The president had already announced that these doctors would visit his country during his speech to the Constituent Assembly last Monday (14).

"Brazilian fascism has closed the health project and the 2,000 doctors are going to Venezuela," he said.

The Venezuelan president gave no details on how the country will pay for its services.

In November, Havana decided to withdraw from the agreement of the Más Doctores program maintained by the Pan American Health Organization (PAHO) and signed about five years ago with Brazil, response to criticism by Jair Bolsonaro since the campaign.

In August, still campaigning, Bolsonaro said he would "expel" Cuban doctors from Brazil. For him, the conditions to which Cuban doctors were subjected constituted "forced labor".

Bolsonaro conditions their permanence to the revalidation of diplomas and individual contracts with the Brazilian government, which allows them to collect the full salary (Cuba transfers 30% of what they perceive for their work to their doctors abroad). It also imposed the condition of the freedom of Cuban professionals to bring their families to Brazil.

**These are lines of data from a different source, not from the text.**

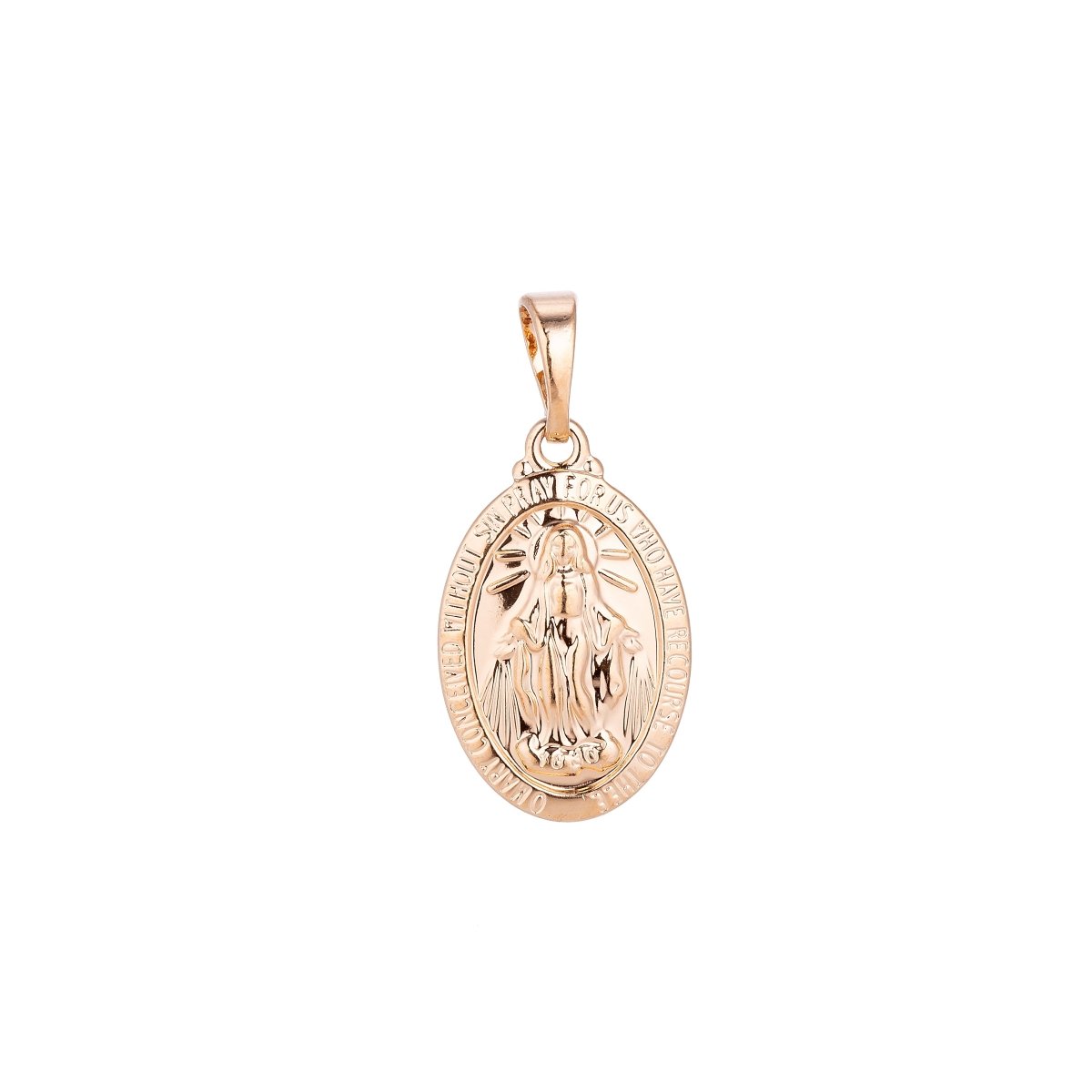 14K Rose Gold Filled Miraculous Lady Divine Holy Virgin Mary, Oval Shape, Necklace Pendant Charm Bails Findings for Jewelry Making H-645 - DLUXCA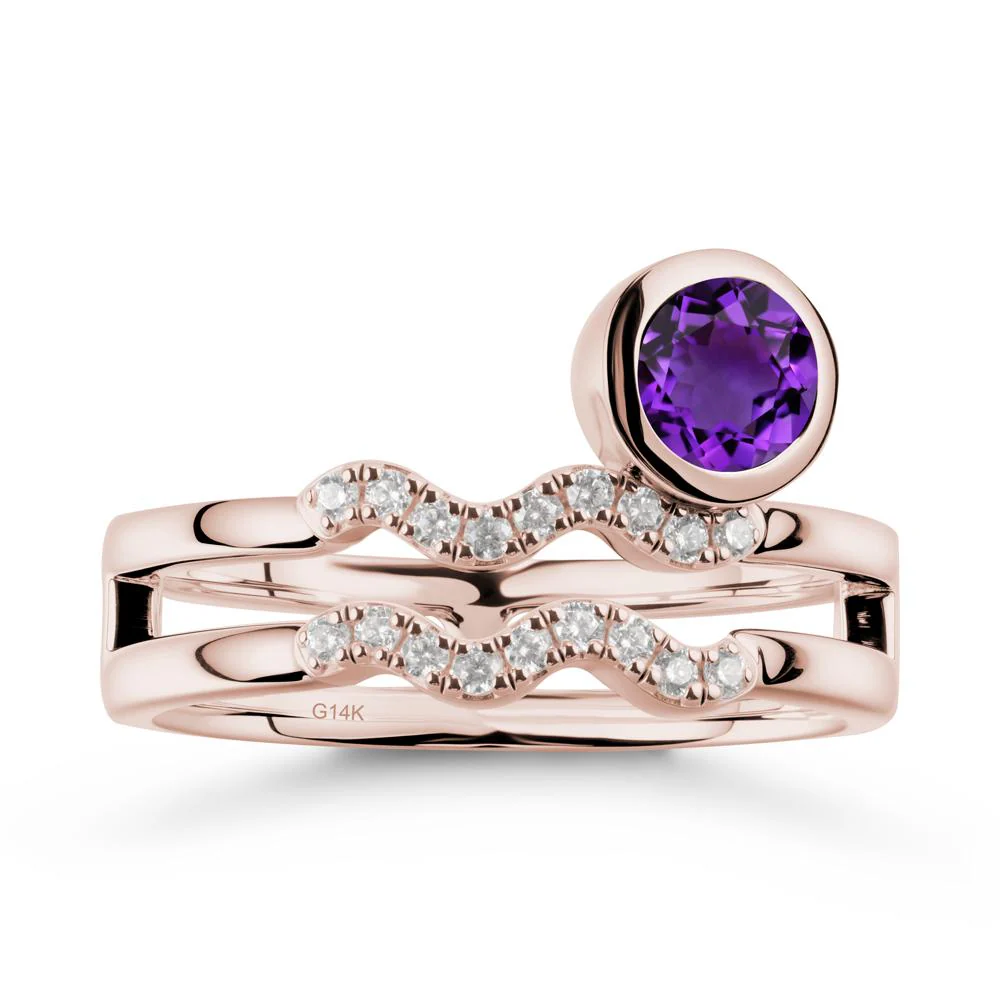 Double Band Aquarius Zodiac Amethyst Ring - Image 2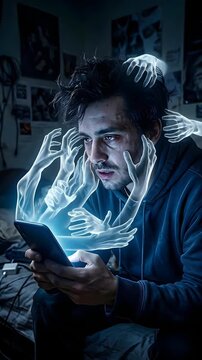 Distressed Man Overwhelmed by Digital Addiction Ghostly Hands Emerging from Smartphone Screen in Dark Room with Blue Light Illumination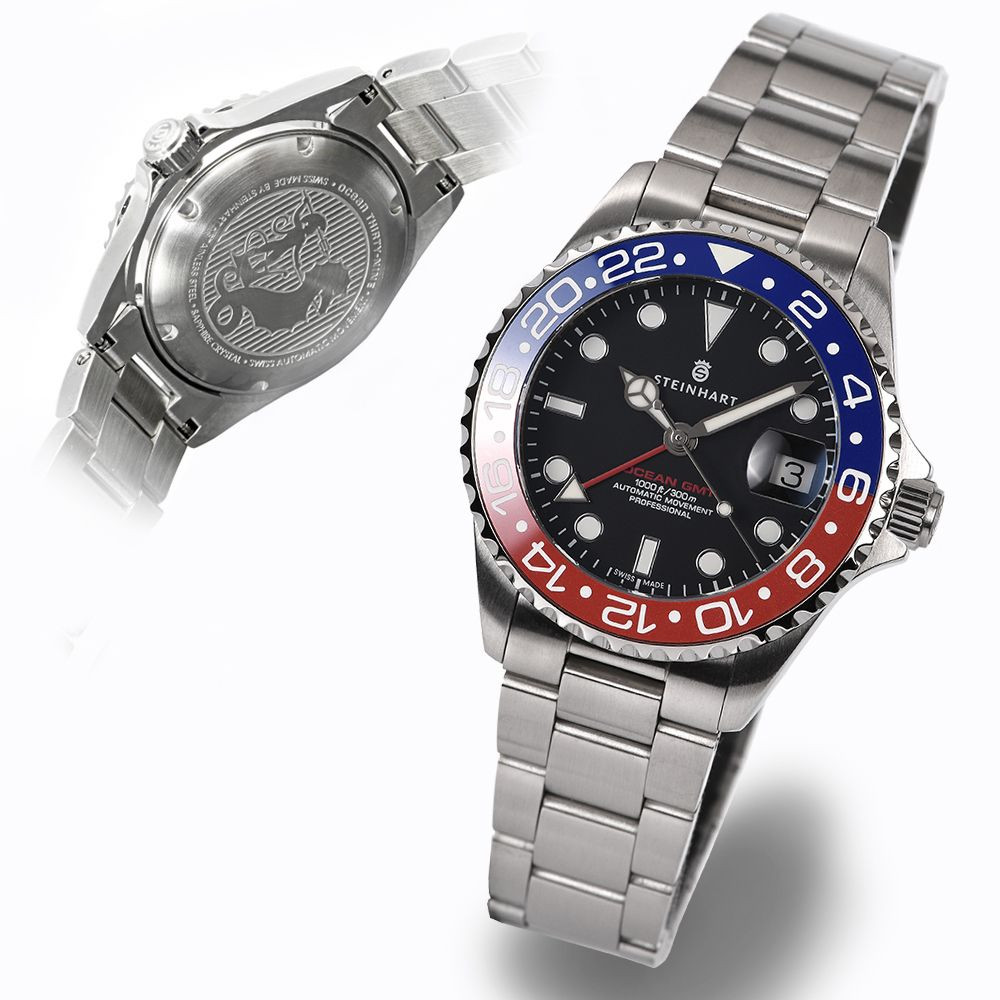 Steinhart Ocean 39 GMT BLUE RED Ceramic Autom tico Corvus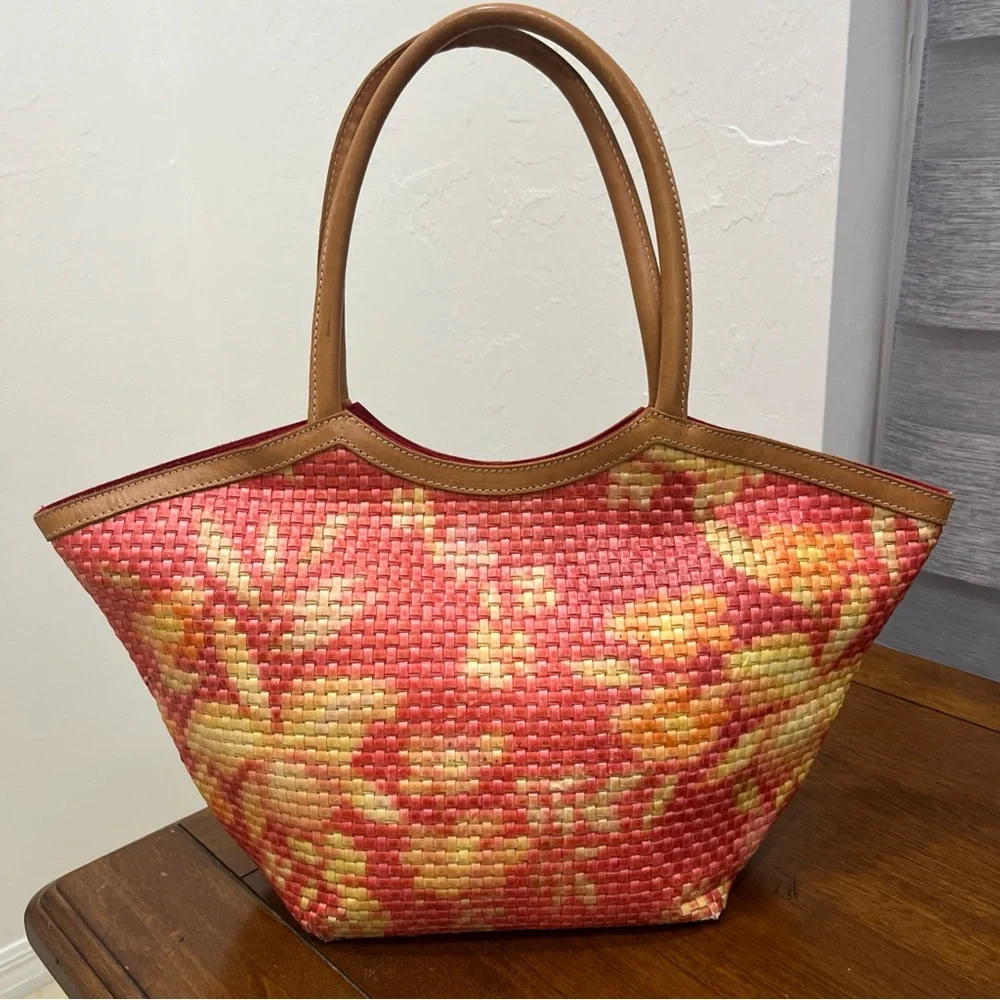Nordstrom Tote‎ Bag Womens Medium Pink Orange  Woven Made In Italy Leather Trim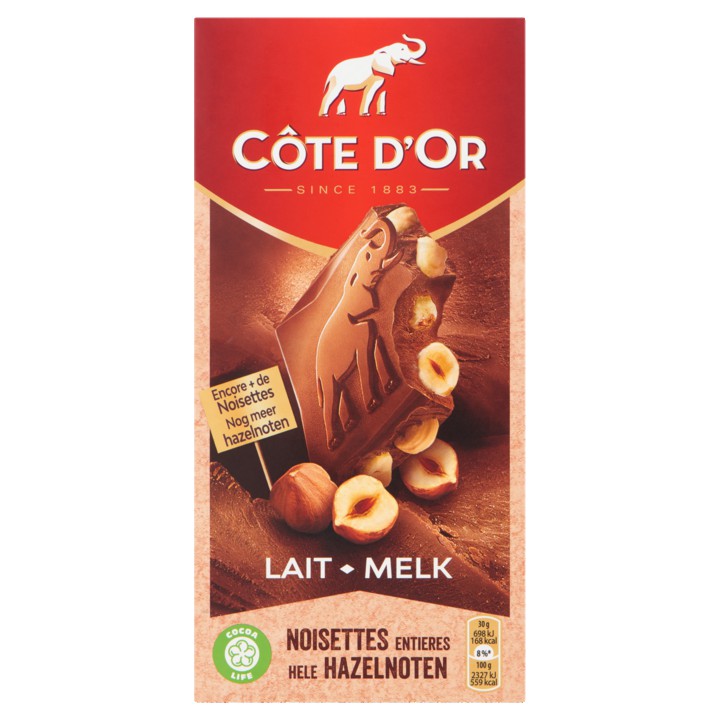 C&amp;ocirc;te d&amp;#x27;Or Bloc chocolade reep Melk Hele Hazelnoten 180g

In Venezuela, clinics run by Cuban doctors were a flagship program of the former Venezuelan socialist leader Hugo Chávez, who had abundant oil resources during his 14 years at the helm of Venezuela and who was Ended in 2013 with cancer. Venezuela paid for medical services with oil shipments.

Maduro, faced with the collapse of Venezuela's once booming economy, has had to deal with complaints about the country's health care system and the abandonment of the economy. units managed by Cuban doctors.